Impossible is nothing: whiteness knows no limits

 

The 2013 Academy Award nominations were announced today and among them was a Best Actress nomination for Naomi Watts’ performance in The Impossible. The film follows a family who find their Thailand holiday caught in the mayhem of the December 2004 tsunami. As well as receiving many rave reviews, the film has been widely criticised for turning a natural disaster in Asia into a story about white people.

The Impossible promotional photo

Devin Faraci’s review on Bad Ass Digest calls it “the sad story of a white family who lost all their luggage while having to see lots of Thai people dying in a tsunami” while David Cox at The Guardian places the film into the long history of Hollywood whitewashing. For me, the racism of The Impossible is less remarkable than the way in which third world experiences become mere “background colour” for a first world learning moment.

But hang on. Isn’t the film based on a true story? Why shouldn’t this family have their story told?

Sure. But there are seven billion people in the world today, and each one has countless stories to tell, as well as the stories of past, future and worlds that never were. So which stories get told, and in particular which stories get financed and publicised, is political.

It’s no accident that this Spanish production is in English language. The Spanish director and production company previously collaborated on the 2007 Spanish language film The Orphanage, which has since sold rights to an American studio for an English-language remake. I imagine that experience might make you consider how to make your original films more marketable to an American audience.

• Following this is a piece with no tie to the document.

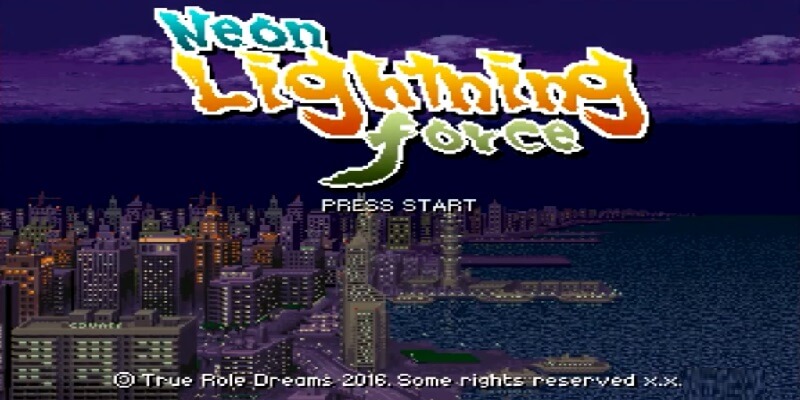 Neon Lightning Force Openbor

It’s no accident that the film casts blonde, light-skinned actors and actresses to play the dark-haired, olive-skinned Spanish family on whose story the film is based. Both director Juan Antonio Bayona and Maria Belon (portrayed by Naomi Watts) have said they consciously didn’t specify the nationality of the main family as they wanted the film to be “universal”. But obviously the film is still set in a particular time and place, among real events that affected real people. It’s not a fantastical animated allegory – it’s Thailand in 2004.

It’s no accident that the film revolves around the story of tourists, whose departure gives the film neat closure, rather than the local residents who have to contend with destroyed infrastructure, economic uncertainty, and many people displaced long after the physical disaster is over.

There is a deliberate choice here to use this story and these actors, not because they are universal, but because they appear universal – because European tourists and blonde actors are neutral and generic, in a way Asians or actors of colour are not.

Another film that has been recognised in this year’s Oscar nominations is Steven Spielberg’s Lincoln, a film about the abolition of slavery in the USA that features no Black characters in its core cast. Kate Masur’s analysis in the the New York Times calls the film determined “to see emancipation as a gift from white people to black people, not as a social transformation in which African-Americans themselves played a role”.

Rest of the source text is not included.